Transformer insulation dry out as a result of retrofilling with natural ester fluid

Transformer cellulose insulation generates moisture as it degrades, primarily dependent on temperature. As moisture levels increase in paper/liquid systems, dielectric performance decreases. Moisture in cellulose insulation combined with higher temperatures accelerates the cellulose aging process. Multiple accelerated life tests in the lab demonstrated that the aging rate of cellulose can be significantly slowed when impregnated with natural ester fluid compared to mineral oil. The reduction and suppression of moisture buildup in cellulose is the primary reason for the reduced aging rate.
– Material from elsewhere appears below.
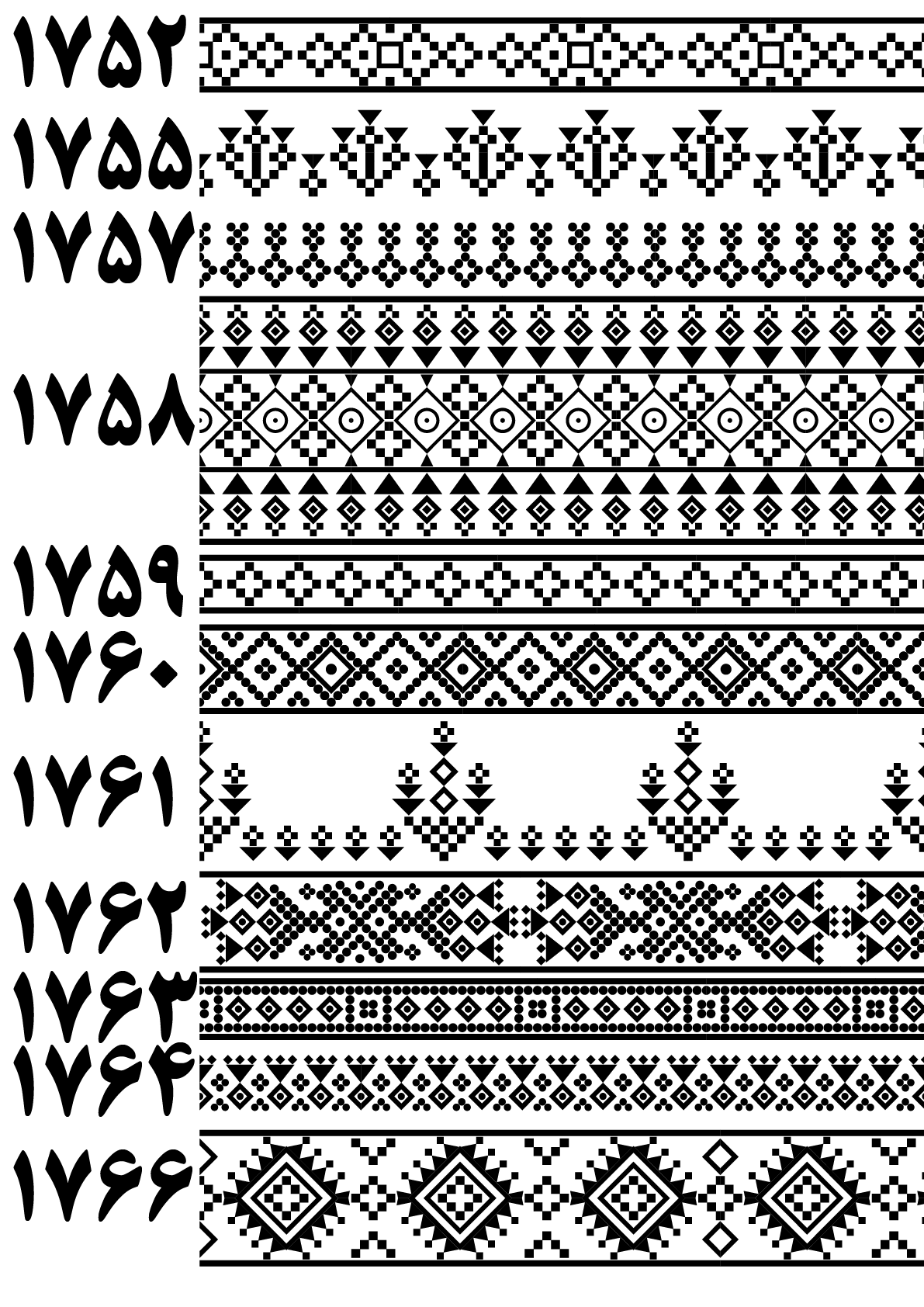 بنوک 1752 تا 1766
This paper reviews chemical mechanisms involved based on laboratory studies and field data from fourteen power transformers retrofilled with natural ester fluid. The data provides support that insulation dry out can result from moisture migration and hydrolysis after retrofilling transformers with natural ester fluid. The concepts of moisture migration, hydrolysis and dry out are beneficial for new transformers as well and should work to maintain like-new dry insulation conditions.